Rezension

Gesellschaftskritik zwischen herzzerreißend und befremdlich

Das Seidenraupenzimmer - Sayaka Murata

Das Seidenraupenzimmer
von Sayaka Murata

Bewertet mit 4 Sternen

Natsuki freut sich immer besonders auf das jährliche Familientreffen zu Obon, denn hier trifft sie ihren Cousin Yu. Die beiden Jugendlichen haben es nicht leicht mit ihren Eltern und spüren eine instinktive Zusammengehörigkeit. Bei den Treffen im ländlich gelegenen Haus ihrer Großeltern, in dem früher einmal Seidenraupen gezüchtet wurden, verbringt Natsuki die glücklichsten Stunden ihres Lebens. Doch durch einen Fehler zieht sie zu allem Unglück auch noch den Zorn ihrer Familie auf sich.

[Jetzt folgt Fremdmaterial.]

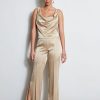 Urbanstorey.shop19afdb498b 3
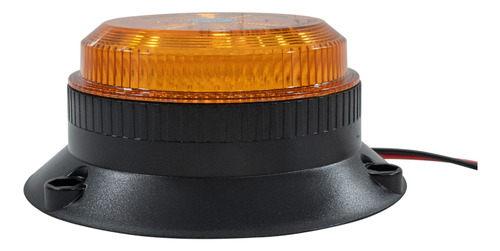 2141279439_-2129662937.jpg TOR-LED707846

Die Erzählung hat mich Anfangs so sehr berührt! Nüchtern schildert Ich-Erzählerin Natsuki ihr Leben, die Schikanen ihrer Mutter und ihrer Schwester und die Bedrängnisse, denen sie in der Schule ausgesetzt ist. Dabei ist sie so nachgiebig, so bemüht alles richtig zu machen und so lieb, dass es mich ganz fertig gemacht hat. Man mag sie schütteln, ihr zurufen „Wehr' dich!!“ aber sich zu wehren, das ist für ein Kind in der japanischen Gesellschaft einfach nicht drin. Es ist absolut  herzzerreißend, wie Natsuki versucht sich selbst zu retten.

Besonders erdrückend fand ich die Einmischung der Familie in das Privatleben, die auch für Erwachsene kein Ende kennt. Für mich fühlte es sich komplett übergriffig an, schien hier aber allgemein akzeptiert zu sein. Wer mit den gesellschaftlichen Regeln nicht zurecht kommt, muss sich zwangsläufig als Außenseiter und abnormal fühlen. Diesen Umstand hat Murata anhand ihrer Hauptfiguren sehr anschaulich illustriert.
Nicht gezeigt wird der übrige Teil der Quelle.